_Problem to work on_
The listing below must be returned in full and unchanged, without the images it carries.

Collected material section start

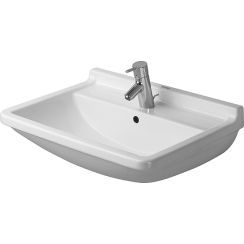 Duravit Starck 3 mosdótál 65x48.5 cm négyszögletes klasszikus fehér 0300650000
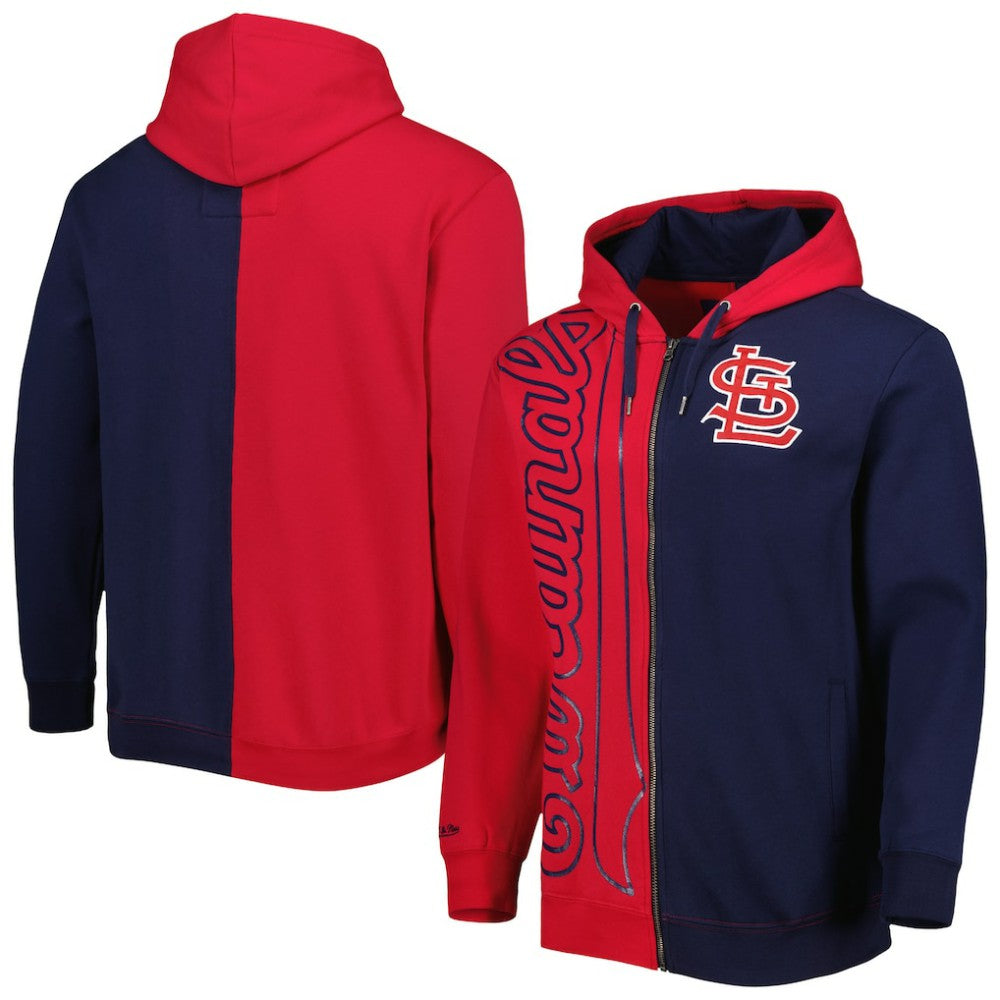 MLB St. Louis Cardinals Mitchell & Ness Fleece Full-Zip Hoodie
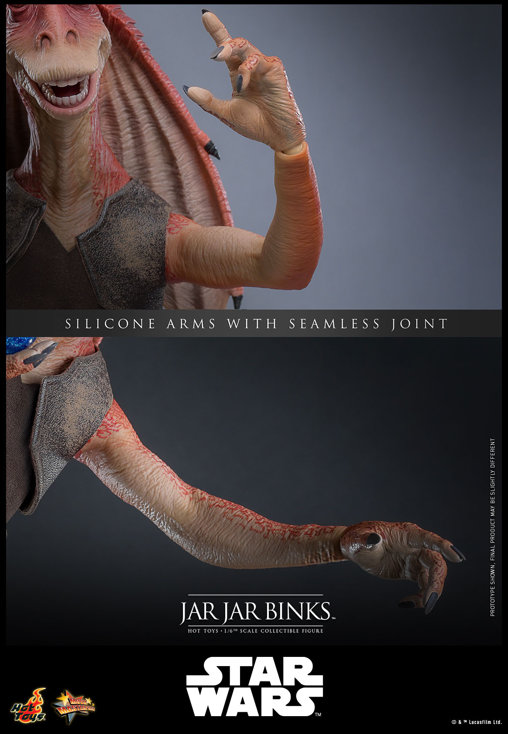 Star Wars - Episode I - The Phantom Menace: Jar Jar Binks, 1/6 Figur von Hot Toys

Collected material section end

_Result_
 Duravit Starck 3 mosdótál 65x48.5 cm négyszögletes klasszikus fehér 0300650000
 MLB St. Louis Cardinals Mitchell & Ness Fleece Full-Zip Hoodie
 Star Wars - Episode I - The Phantom Menace: Jar Jar Binks, 1/6 Figur von Hot Toys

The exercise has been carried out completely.